SIGMOD Keynote Talk 2
Fun with Hardware Transactional Memory
Maurice Herlihy (Brown University)
Leading hardware vendors such as Intel and IBM are releasing a new generation of processor architectures that provide hardware transactional memory (HTM), a synchronization mechanisms for fast in-memory transactions. This talk will argue that HTM is not just a faster way of doing the same old latches and monitors. Instead, it could bring about a fundamental positive change in the way we program multicores (and eventually perhaps even databases) by allowing a fundamental rethinking of basic synchronization structures such as locks, memory management, and a range of concurrent data structures.

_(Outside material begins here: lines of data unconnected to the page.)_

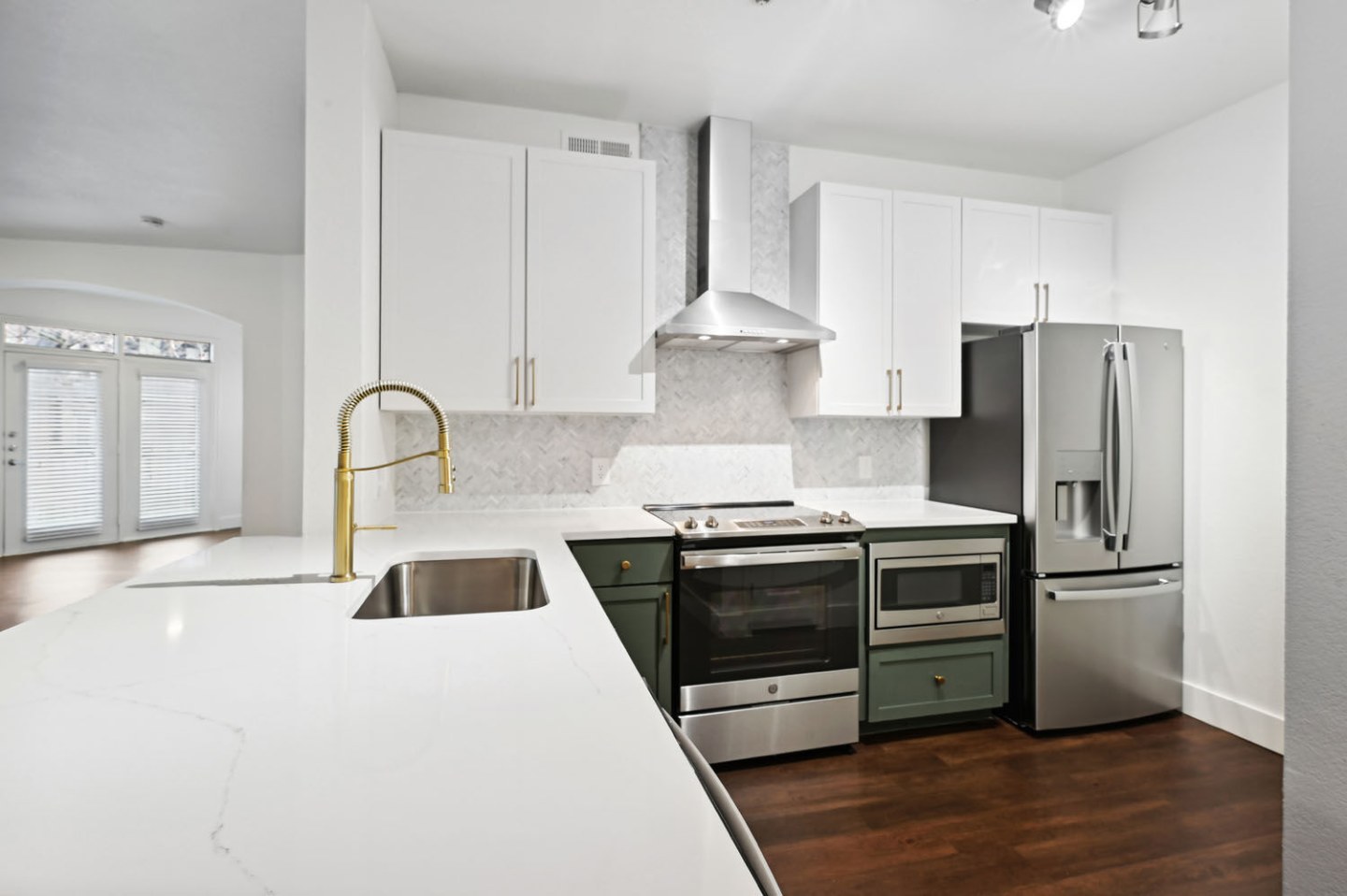 The Encore Apartments Image 11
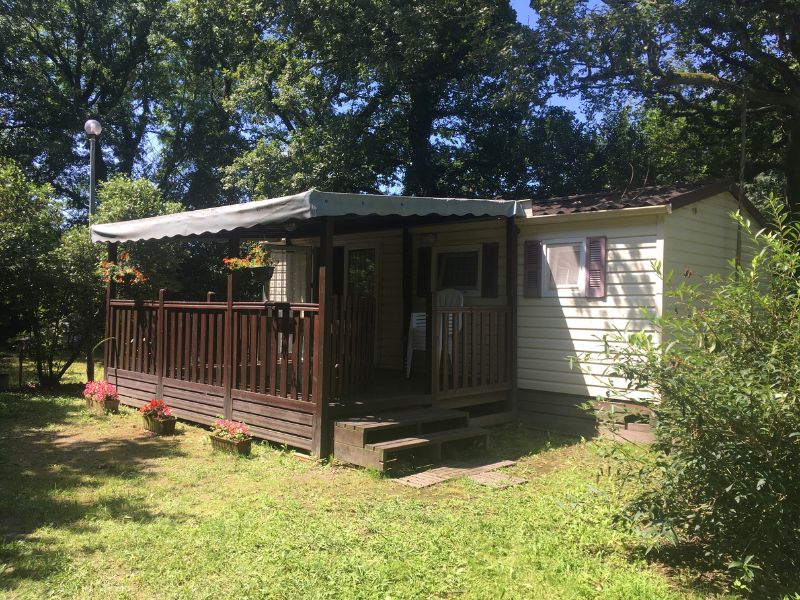 Campsite Les Sapins - Family campsite in Ousse near Pau - Campsites, Mobile  Homes in Pau - Guide Barn Pyrnes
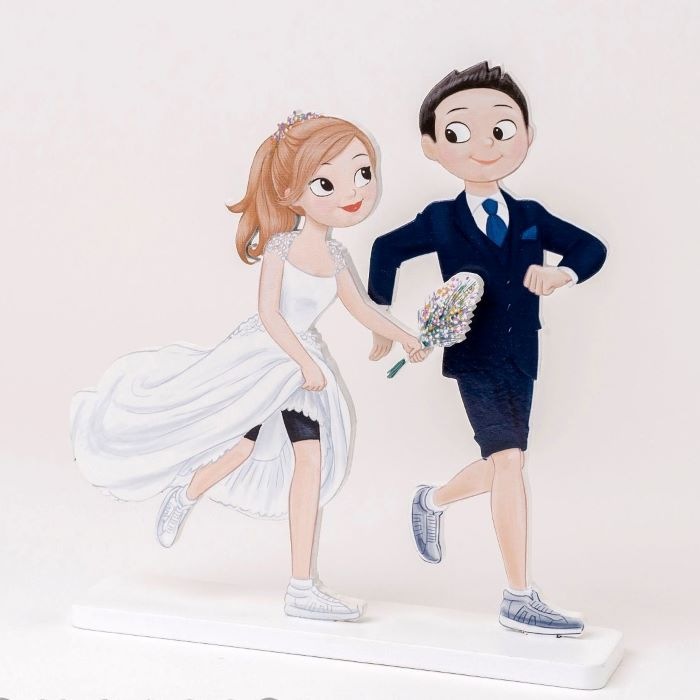 Figura de madera para la tarta de los novios de una boda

Maurice Herlihy has an A.B. in Mathematics from Harvard University, and a Ph.D. in Computer Science from M.I.T. He has served on the faculty of Carnegie Mellon University, on the staff of DEC Cambridge Research Lab, and is currently a professor in the Computer Science Department at Brown University. He is the recipient of the 2003 Dijkstra Prize in Distributed Computing, the 2004 Gödel Prize in theoretical computer science, the 2008 ISCA influential paper award, the 2012 Edsger W. Dijkstra Prize, and the 2013 Wallace McDowell award. He received a 2012 Fulbright Distinguished Chair in the Natural Sciences and Engineering Lecturing Fellowship, and he is fellow of the ACM and a member of the National Academy of Engineering.